Une peur originelle, précise-t-il, ancestrale, tapie dans l’ombre de la nuit coloniale, présence intime et obsédante d’une permanente culpabilité, ainsi que son corollaire de rumeurs les ont complètement désorientés. C’est bien dans une atmosphère anxiogène confortée par l’autorité militaire, qui distribuait des photographies de morts commis par le FLN, que cette fuite s’est répandue.
Pourtant, le bilan des morts est profondément inégal ; du côté algérien il y a 230 000 morts selon les chiffres officiels, 1500 000 martyrs selon l’Etat algérien, et 5 000 morts du côté des pieds noirs.

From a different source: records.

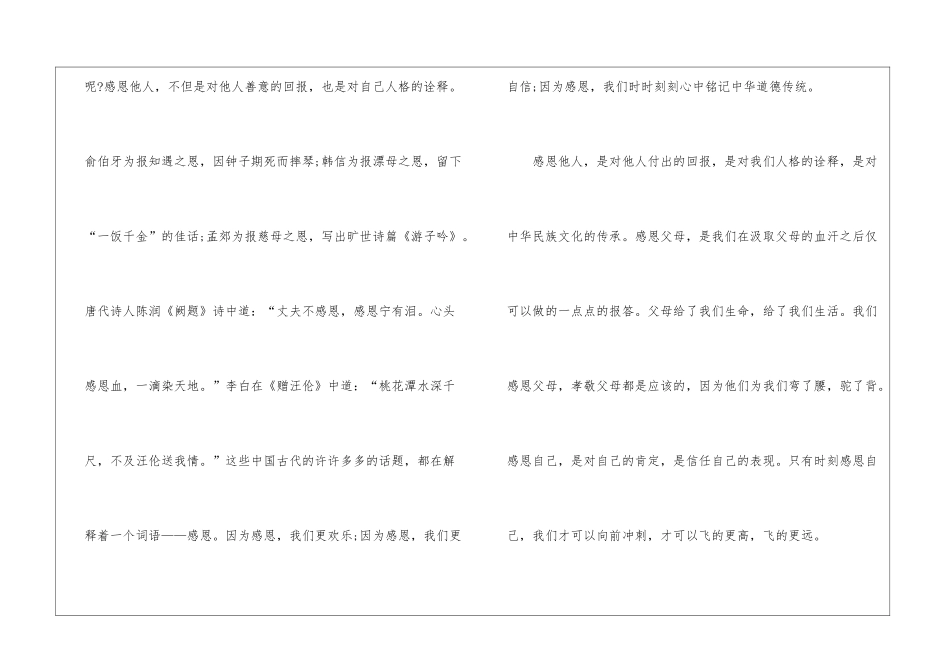 2024国旗下感恩演讲稿五分钟_第2页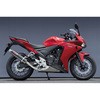 10415-01NCB 13f` CBR400R SUS SLIP-ON J[{ }g[VO 53360528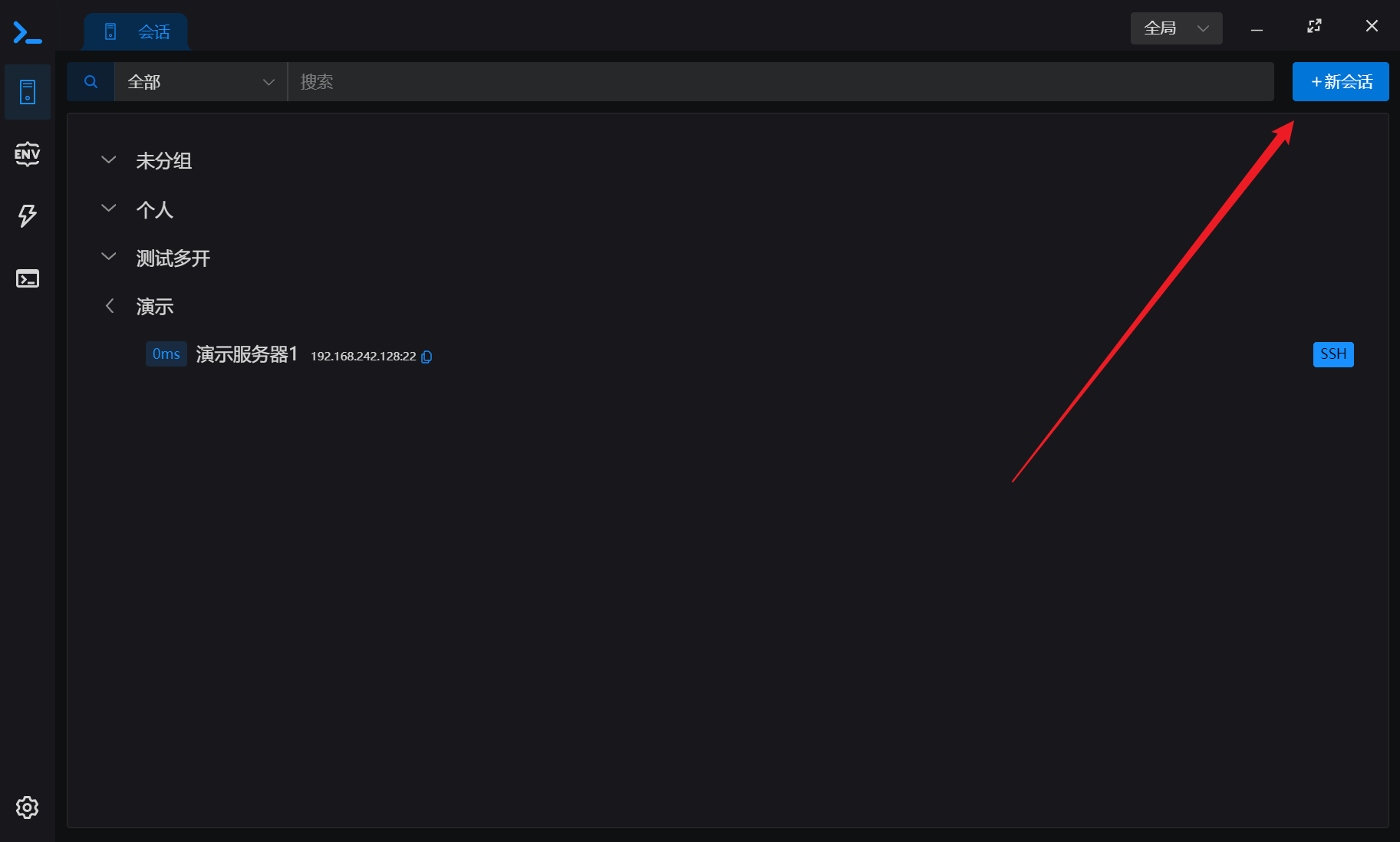 TShell如何建立SSH连接?1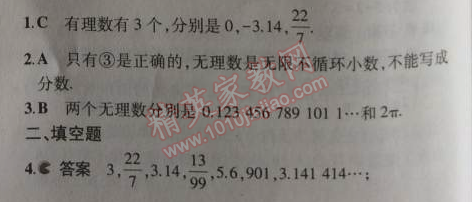 2014年5年中考3年模拟初中数学七年级上册苏科版 2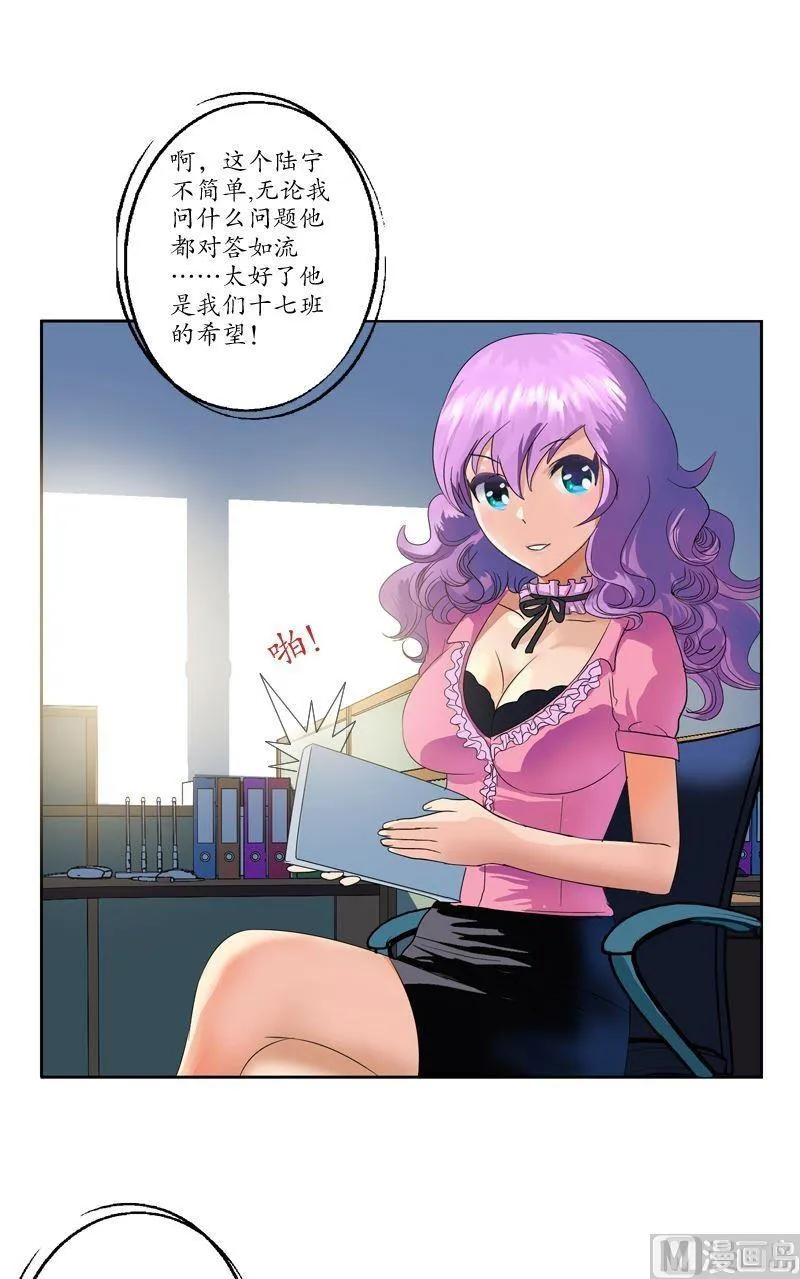 第61话 班花 第7页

Qu’est-ce qui justifie cette débâcle ?
En dehors de cette peur archaïque bien enracinée dans les mentalités, Pierre Daum émet l’hypothèse de trois autres motivations : la peur des représailles fondée sur les violences inouïes de l’OAS, la politique socialiste qui ne leur offrait plus de perspectives économiques, et le racisme, un sentiment de supériorité qui, en restant, aurait été ébranlé.
L’auteur nous propose de revisiter cette période à travers quinze témoignages d’Européens algériens restés en Algérie après 1962, témoignages calfeutrés par le discours des rapatriés. Il apporte ainsi des faits pour contredire cette formule devenue célèbre : « la valise ou le cercueil ».
Ni valise ni cercueil, Les pieds-noirs restés en Algérie après l’indépendance, Préface de Benjamin Stora, Editions Actes Sud, 2012.